Olumsuz duygulara kucak açın: Söz konusu olumsuz duygular olduğunda onlardan kaçmak ilk tercihimiz oluyor. Bu sadece anlık bir çözüm. Korku ya da endişeden kaçmak ya da bu duyguları bastırmak tıpkı Sigmund Freud’un dediği gibi ilerleyen zamanlarda bu olumsuz duyguların çok daha istenmeyen şekillerde tezahür etmelerine yol açar. Bir dedektif gibi davranın, korku ve endişelerinizin kaynaklarını fark edin. Olumsuz her tür duyguyu normalleştirin ve bunların geçici olduklarını hatırlayın. Bu duyguların bedeninizde yarattığı değişimleri (çarpıntı, nefes daralması, kas ağrısı v.b.) gözlemleyin ve spor, nefes ya da gevşeme egzersizi gibi hareketlerle rahatlamaya çalışın. Bedensel semptomlara asla teslim olmayın!
Sosyalleşin ve şükredin: Bireysel değil kolektif bir tehlikeyi hep birlikte yaşıyoruz. Şu an tıpkı sizin gibi tüm dünya belirsizliğin karşısında korkuyor ve endişe hissediyor. Olumsuz bir duygunun paylaşımı o duygunun şiddetini azaltır, o yüzden fiziksel kısıtlamalar olsa da teknolojiyi kullanarak sosyalleşme fırsatlarını kollayın, hislerinizi paylaşın. Yardım isteyin ve siz de yardım edin. Sadece olumsuz olanları değil olumlu hisleri de paylaşın. Özellikle aile arasında komik ve iyi anıları konuşmak geçmişe sahip çıkmanın en güzel yolu.
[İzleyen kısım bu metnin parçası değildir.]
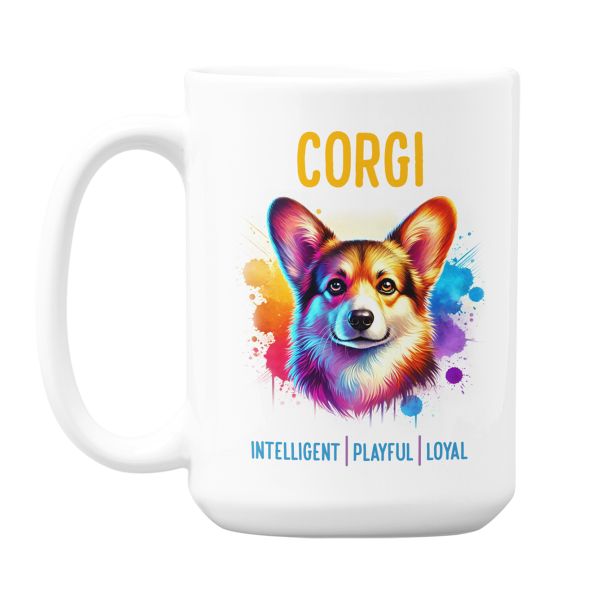 Jumbo Corgi Dog Mug - 440ml Watercolour Style Mug for Dog Lovers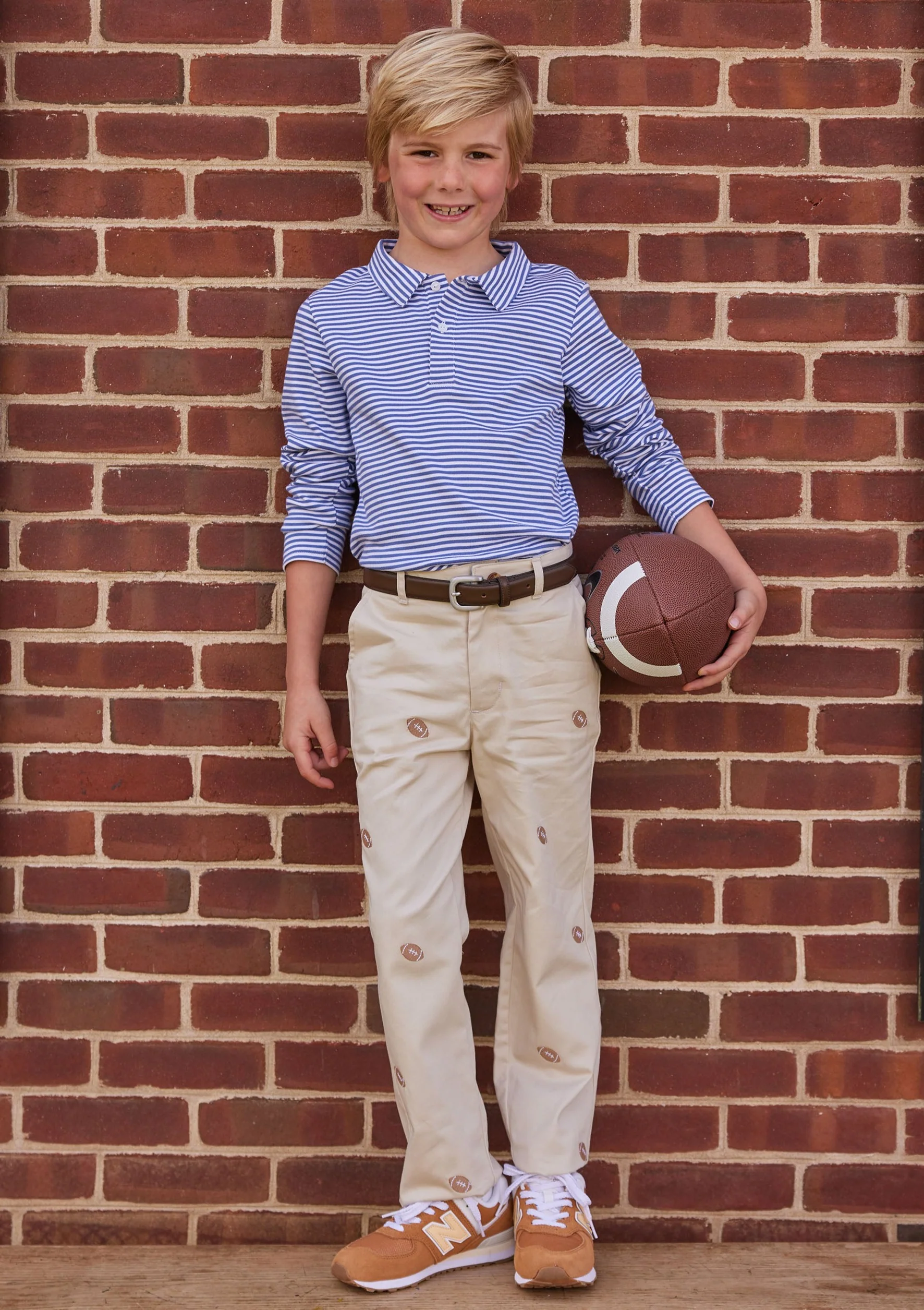 Long Sleeve Polo - Gray Blue Stripe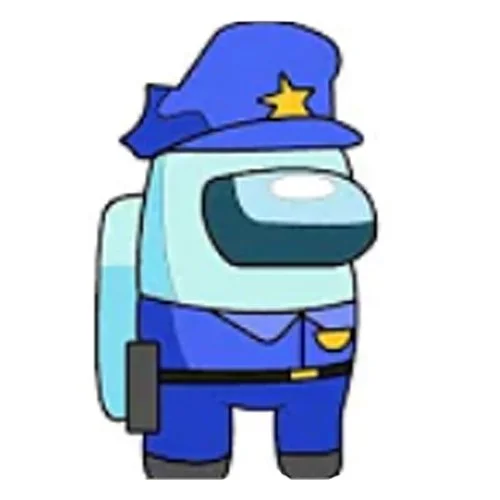 Цветной пример раскраски among us скин полицейский. самозванец или космонавт?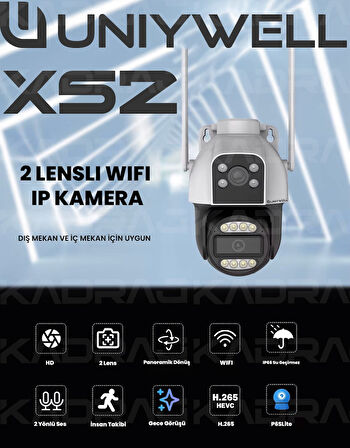 UNIYWELL 6 MP WIFI Kamera  2 LENS - Tam Renkli Gece Görüş - Su Geçirmez - 2 Yönlü Ses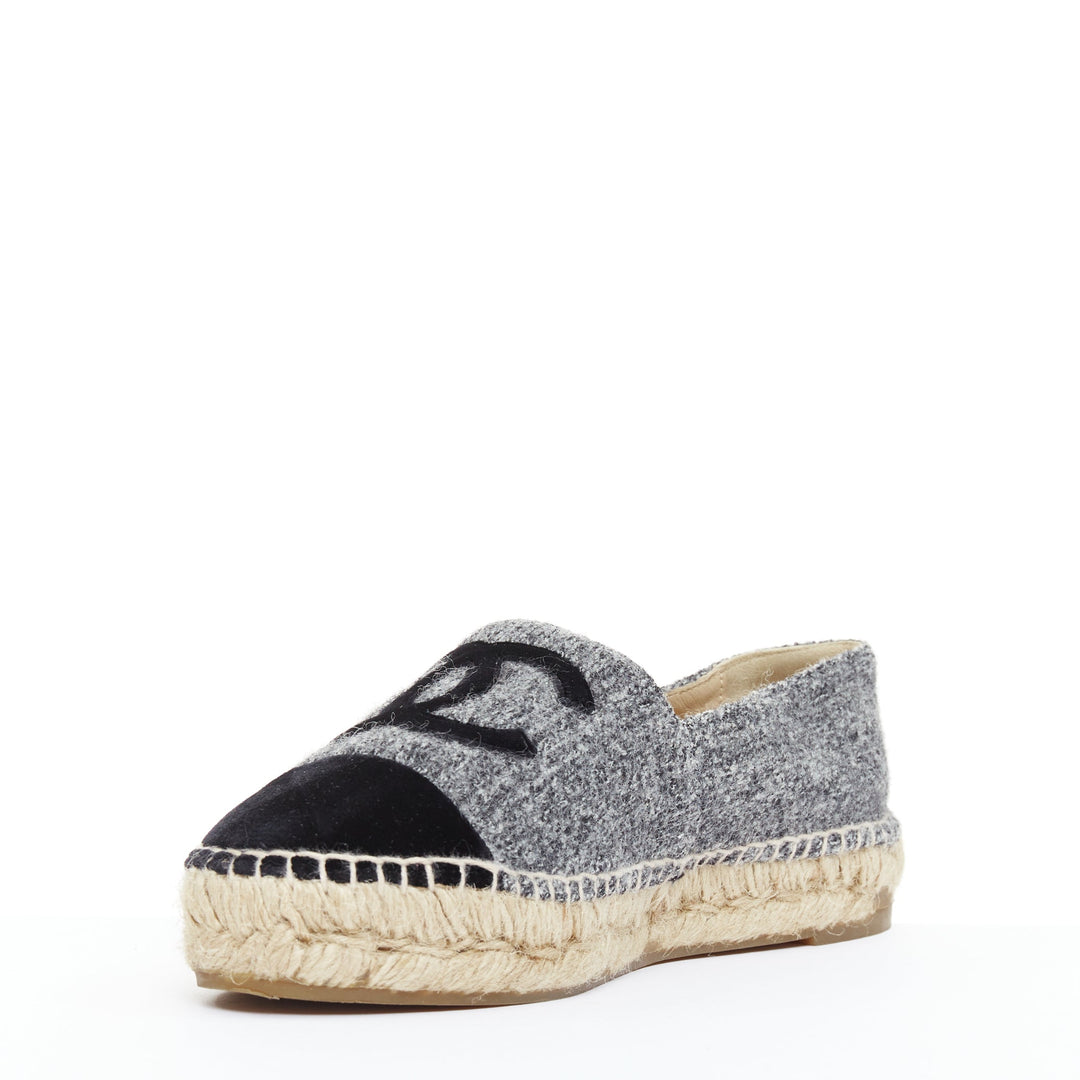 CHANEL grey tweed velvet CC logo toe cap espadrille shoes EU38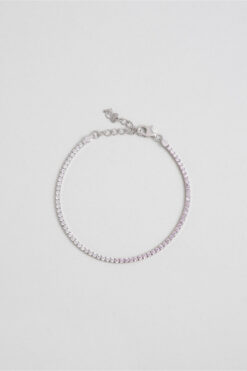 So CHIC... Maia 18 Ayar Beyaz Altın Kaplama 19 Cm Gümüş Su Yolu Bileklik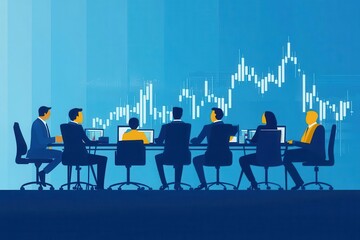 Business meeting with analysts analyzing data trends on screens, discussing strategies for financial growth and market analysis.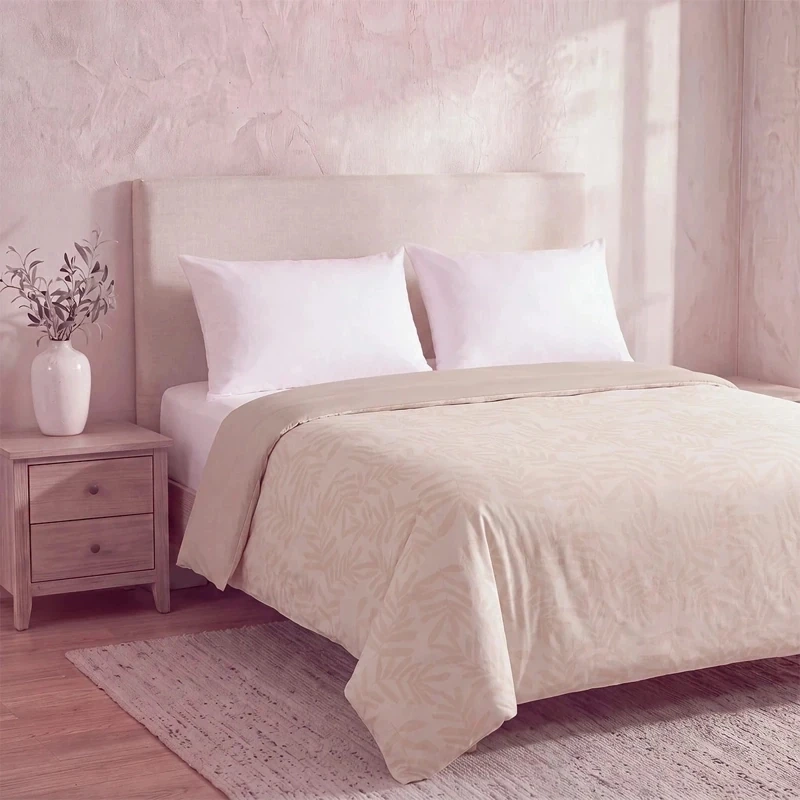 PLUMÓN MAISON LINETT HOJAS OLIVO SÚPER KING BEIGE - 2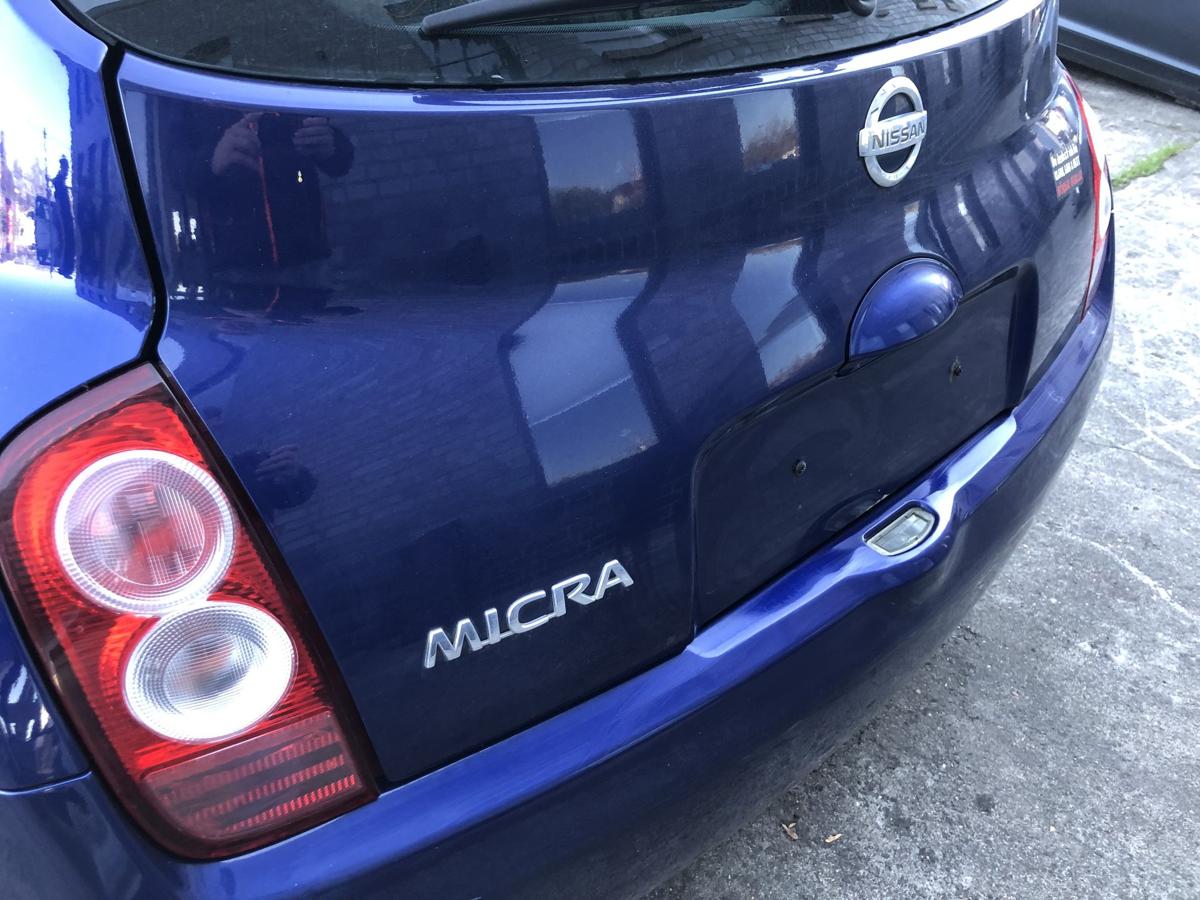 Nissan Micra K12 Heckklappe mit Heckscheibe Kofferklappe BW6 Dark Blue Perl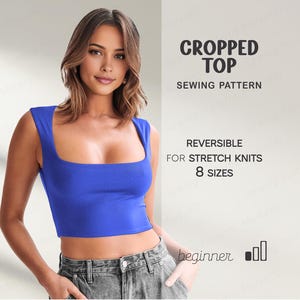 Naaipatroon crop top XS-4XL, eenvoudig bijgesneden top beginnerspatroon, patroon omkeerbare top, damestop plus size, pdf-naaipatroon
Olumluyu paylaşmak şükür ve minnet duygularını da beraberinde getirir. Sahip olduğunuz olumlu en ufak şeyi bile anlamlandırın ve şükredin.
Ve sabır…
Hepimiz olabildiğince çabuk bir şekilde eski yaşantılarımıza dönmek istiyor ve bundan dolayı kaygılanıyoruz fakat kaygının bize iyi gelmediği muhakkak. O yüzden pandeminin sürecini beklemeyi öğrenmeliyiz. Beklerken de sabra ihtiyacımız var. Sabır insana özgü bir erdemdir ve zorluklara umudu kaybetmeden göğüs germek demektir. İnsanlık tarihi sabır ve sebatla kazanılan mücadele hikayeleriyle doludur.
Unutmayın, tarih tekerrürden ibarettir, o yüzden koronayla olan mücadelemizde elde edeceğimiz zaferi tarihin sayfalarına altın harflerle yazdırmak için sabırlı olalım ve sabrı teşvik edelim!